Mas, terimakasih untuk waktu yang tak sebentar. Aku tak pernah menyesal memberimu cinta yang utuh, meski mungkin kau mencintaku hanya separuh. Aku bahagia di waktu yang tak sebentar kemarin, bagaimanapun kau pernah menemaniku di segala suasana. Kita pernah menjadi dua manusia yang bahagia ketika bersama, saling merindu ketika tak bertemu. Kita pernah berada di masa menyenangkan seperti itu.

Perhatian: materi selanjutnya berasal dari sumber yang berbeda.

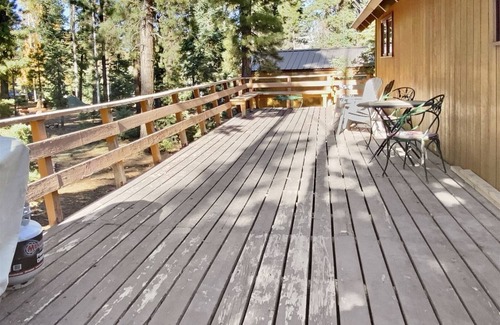 Meadow View Heights Cabin | Whispering Pines Getaway easy access & great homebase for all national parks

Entah dengan keajaiban apa, semoga tulisan ini akan kau baca. Dengan begitu, kau akan tahu. Kau pernah ku cintai dengan sangat. Kau pernah ku perjuangkan dengan terlalu.

Tolong, bahagia selalu.
Dari perempuan yang hingga kini masih merindukanmu.


Jumat, 14 September 2018

Mengapa Harus Aku?

Bagiku membersamai kamu selama bertahun-tahun, bukanlah waktu yang sebentar. Banyak hal baik dan kenangan manis yang terjadi. Dan mungkin akan sulit untuk dilupakan, nantinya.

Menyudahi hubungan yang sedari awal memang baik-baik saja, bukanlah hal yang mudah. Aku berperang melawan hati dan logika. Bertanya pada diri sendiri berkali-kali, kenapa bisa terjadi? Ada yang salah denganku? Atau sudah menemukan titik jenuh yang membuat muak jika terus dipertahankan? Mungkin iya. Aku tak pernah tahu, hingga kini.

Ku pikir semuanya akan tetap baik-baik saja hingga akhir. Ternyata, kamu kelelahan sebelum waktunya. Aku ditinggalkan tanpa penjelasan apapun. Bahkan hingga kini, alasan yang membuatmu pergi pun aku tak pernah tahu. Yang ku tahu, kamu hanya berpesan untuk mencari seseorang yang lebih baik darimu. Memangnya menghabiskan waktu bertahun-tahun bersamaku kamu merasa bukan orang baik? Lantas, yang membersamai ku kemarin siapa? Kamu memakai topeng apa untuk berada di sisiku? Memangnya kamu tak menyadari, jika aku membersamaimu dengan sungguh? Memangnya kamu tak mengerti, jika aku mencintaimu tidak separuh?

Saat ingin mengakhiri semua ini, kamu berpikir atau tidak? Kenapa mudah sekali mengakhiri sesuatu yang diperjuangkan dengan sungguh? Memperjuangkanmu selama bertahun-tahun, tak pernah mudah bagiku. Aku lebam disegala sisi, aku patah disegala ruang. Kamu tak pernah tahu, karena aku tak pernah (berani) bercerita padamu. Kamu hanya tahu, membersamai mu aku selalu bahagia. Tapi kau salah besar, sayang. Yang terlihat baik-baik saja diluar, belum tentu baik-baik juga didalamnya.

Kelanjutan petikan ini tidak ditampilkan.